** What the exercise asks **
Since the records include pictures, leave those out while you reproduce exactly and only the lines from the one containing "129 Salisbury Circle, Brampton, Ontario" through the one containing "CG : हनुमान मंदिर से दानपेटी की चोरी…", inclusive.

-------- Exercise input --------

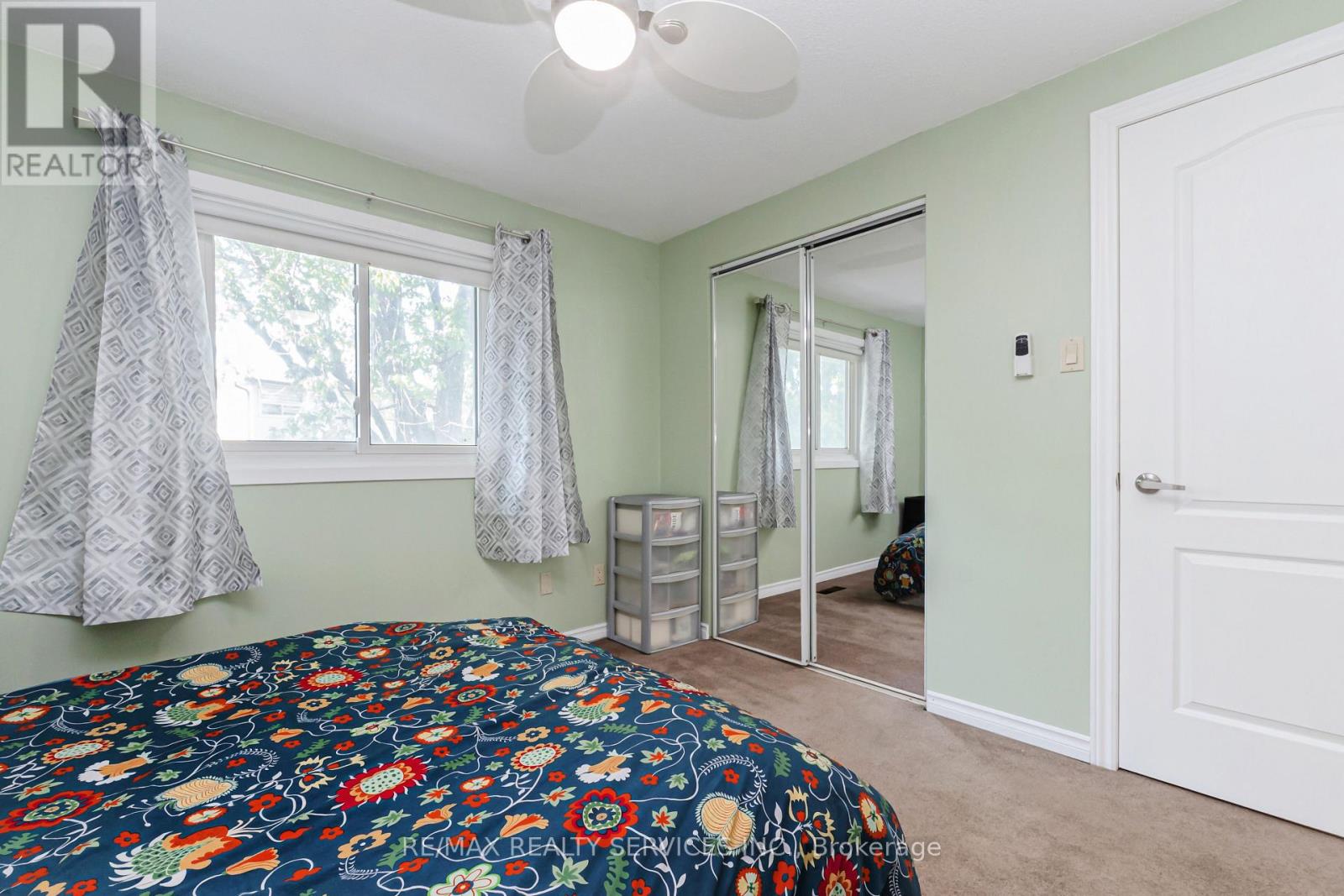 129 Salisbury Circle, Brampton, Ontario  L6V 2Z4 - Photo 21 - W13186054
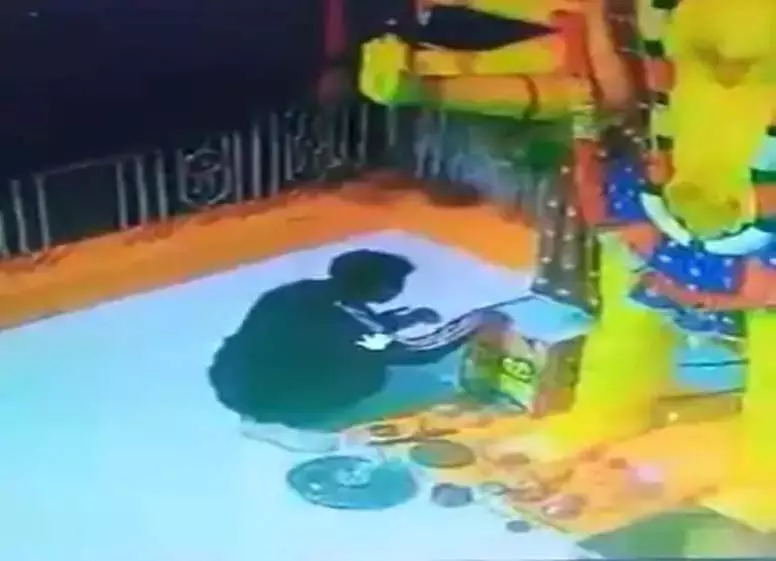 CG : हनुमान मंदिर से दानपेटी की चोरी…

--------
-------- Exercise input --------

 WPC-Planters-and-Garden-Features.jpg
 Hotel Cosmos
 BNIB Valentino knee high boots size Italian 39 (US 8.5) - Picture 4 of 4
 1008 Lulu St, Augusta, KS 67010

--------

** Result **
 129 Salisbury Circle, Brampton, Ontario  L6V 2Z4 - Photo 21 - W13186054
 CG : हनुमान मंदिर से दानपेटी की चोरी…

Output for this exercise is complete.